Email is a wonderful thing. At least I think it is. Sometimes.
Remember in the days back before email. Remember writing "letters?" And then putting them in these things called "envelopes" with these "postage stamps" on them? The younger imaginary readers may not have experienced these primitive vestiges of the dark ages, but to us of the eld, they were once daily parts of life. A big part of going to college, or having your friends go off to college, was the letters. You wrote home. Home wrote back. Home could mean family, friends, former coworkers, your dog Skippy, and so on. Well probably not Skippy, in my case. I still have a few boxes of letters that I kept from those early college years. The letters were like an interpersonal diary - a telling of my life, and the life of my friends, all woven together over weekly to quarterly installments. It was kind of cool.
So, do you remember those days? Think of them fondly, dear readers, because they are DEAD. Long dead. Now we have email. What used to take hours takes minutes. You don't buy a stamp, you hit send. You don't compose a letter, you jot a few lines. You can still enclose pictures, but now you can enclose many, many pictures. If you're actually up on popular computer culture, and you facebook or whatever you don't actually have to send emails even. You just update your facebook page. Weird, I tell ya.

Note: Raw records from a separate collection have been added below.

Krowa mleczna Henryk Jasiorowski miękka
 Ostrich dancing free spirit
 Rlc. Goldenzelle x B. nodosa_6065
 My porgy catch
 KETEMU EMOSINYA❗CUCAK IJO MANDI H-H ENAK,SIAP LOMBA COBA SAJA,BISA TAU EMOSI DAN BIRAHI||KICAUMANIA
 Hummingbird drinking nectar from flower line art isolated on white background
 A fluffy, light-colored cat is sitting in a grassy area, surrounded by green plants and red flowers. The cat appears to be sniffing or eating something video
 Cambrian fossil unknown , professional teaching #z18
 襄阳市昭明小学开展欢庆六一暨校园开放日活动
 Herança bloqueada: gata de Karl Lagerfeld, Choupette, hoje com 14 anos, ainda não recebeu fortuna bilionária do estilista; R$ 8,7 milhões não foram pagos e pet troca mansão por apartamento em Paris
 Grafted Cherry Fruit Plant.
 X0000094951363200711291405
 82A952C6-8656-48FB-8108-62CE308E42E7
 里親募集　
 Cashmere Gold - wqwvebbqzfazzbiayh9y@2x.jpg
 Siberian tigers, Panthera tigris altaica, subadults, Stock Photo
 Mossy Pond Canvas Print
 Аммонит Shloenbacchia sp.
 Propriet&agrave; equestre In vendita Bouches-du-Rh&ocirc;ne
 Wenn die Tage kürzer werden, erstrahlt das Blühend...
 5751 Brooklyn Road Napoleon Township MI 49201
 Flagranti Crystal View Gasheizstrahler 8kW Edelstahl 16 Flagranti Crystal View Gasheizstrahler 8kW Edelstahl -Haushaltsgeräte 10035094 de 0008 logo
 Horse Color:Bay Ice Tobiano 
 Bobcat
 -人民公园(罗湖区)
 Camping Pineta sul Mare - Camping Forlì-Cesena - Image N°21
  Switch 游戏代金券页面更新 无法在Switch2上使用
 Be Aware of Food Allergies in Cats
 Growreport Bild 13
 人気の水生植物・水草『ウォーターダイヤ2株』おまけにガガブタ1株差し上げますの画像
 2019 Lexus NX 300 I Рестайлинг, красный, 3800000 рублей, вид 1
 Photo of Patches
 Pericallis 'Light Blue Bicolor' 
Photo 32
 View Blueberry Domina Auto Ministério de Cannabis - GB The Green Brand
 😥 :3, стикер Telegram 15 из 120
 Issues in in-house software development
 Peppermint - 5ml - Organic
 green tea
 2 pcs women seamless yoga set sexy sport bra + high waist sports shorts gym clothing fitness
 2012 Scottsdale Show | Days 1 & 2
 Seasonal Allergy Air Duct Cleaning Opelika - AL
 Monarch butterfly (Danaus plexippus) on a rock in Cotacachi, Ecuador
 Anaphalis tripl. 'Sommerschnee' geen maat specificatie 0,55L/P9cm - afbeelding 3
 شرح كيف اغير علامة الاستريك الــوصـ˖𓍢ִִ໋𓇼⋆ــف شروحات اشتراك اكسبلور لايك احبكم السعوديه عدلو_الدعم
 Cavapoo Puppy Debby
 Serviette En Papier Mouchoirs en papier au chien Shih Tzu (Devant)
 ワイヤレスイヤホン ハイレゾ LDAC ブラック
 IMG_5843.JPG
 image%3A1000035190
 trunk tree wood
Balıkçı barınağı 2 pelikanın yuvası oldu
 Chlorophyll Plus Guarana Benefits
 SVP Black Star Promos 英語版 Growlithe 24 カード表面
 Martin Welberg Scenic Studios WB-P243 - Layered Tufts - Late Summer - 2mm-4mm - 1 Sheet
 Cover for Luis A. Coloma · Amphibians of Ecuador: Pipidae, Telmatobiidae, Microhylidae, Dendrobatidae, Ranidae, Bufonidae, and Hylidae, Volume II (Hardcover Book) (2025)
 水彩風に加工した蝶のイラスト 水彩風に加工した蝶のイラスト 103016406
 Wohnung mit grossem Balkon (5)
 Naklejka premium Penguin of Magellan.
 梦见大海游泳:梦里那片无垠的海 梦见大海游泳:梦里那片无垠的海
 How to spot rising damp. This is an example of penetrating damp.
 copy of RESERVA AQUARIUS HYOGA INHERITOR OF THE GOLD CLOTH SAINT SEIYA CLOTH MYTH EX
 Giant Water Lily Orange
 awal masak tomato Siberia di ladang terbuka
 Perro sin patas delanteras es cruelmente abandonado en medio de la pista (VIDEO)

But there are loads of things I like about email. Maybe some day I'll write them down. If I'm feeling particularly sadistic and want to bore you all. But there are a few things I don't like about email. Thing number one, and our subject for today: read and receive receipts. If you haven't hit this feature yet (how could you not?), it's when an email sender sets some settings to automatically notify them when you receive the email and also when you open it to read. From a sender point of view, this can be quite handy. You don't have to wonder "Did they get that email?" cause you know it. So it makes perfect sense. But on the receiving end it bugs the crap out of me. To me it feels like an invasion of privacy. You sent me a message. Ok, fine, thanks. Now get the crap out of my life until I reply. Outlook always asks if it's ok to send a read receipt and I always say "hell no." I just hate internet big brother watching over my shoulder to know what I read and when. Maybe one reason I don't like that feature is that I'm a procrastinator and having an announcement of the time I READ an email that can then be compared to the time I REPLIED to the email can be quite embarrassing. I'd prefer to procrastinate in the privacy of my own home, thank you very much, and if I've got read receipts flowing from my own home to your computer, the privacy of my own home is very much lacking.
So, if you are one who routinely sends things with the read receipt requested option on, and you email me, dont' be offended when you never get a receipt reply. Or if you DO get a reply, I'll send the reply read receipt requested, which you can then acknowledge with a read receipt of your own, which I will acknowledge and on and on we go down through the infinity of time and Comcast digital. You see where this could lead? Anarchy, my friends, anarchy. Best to just not use that feature, I think.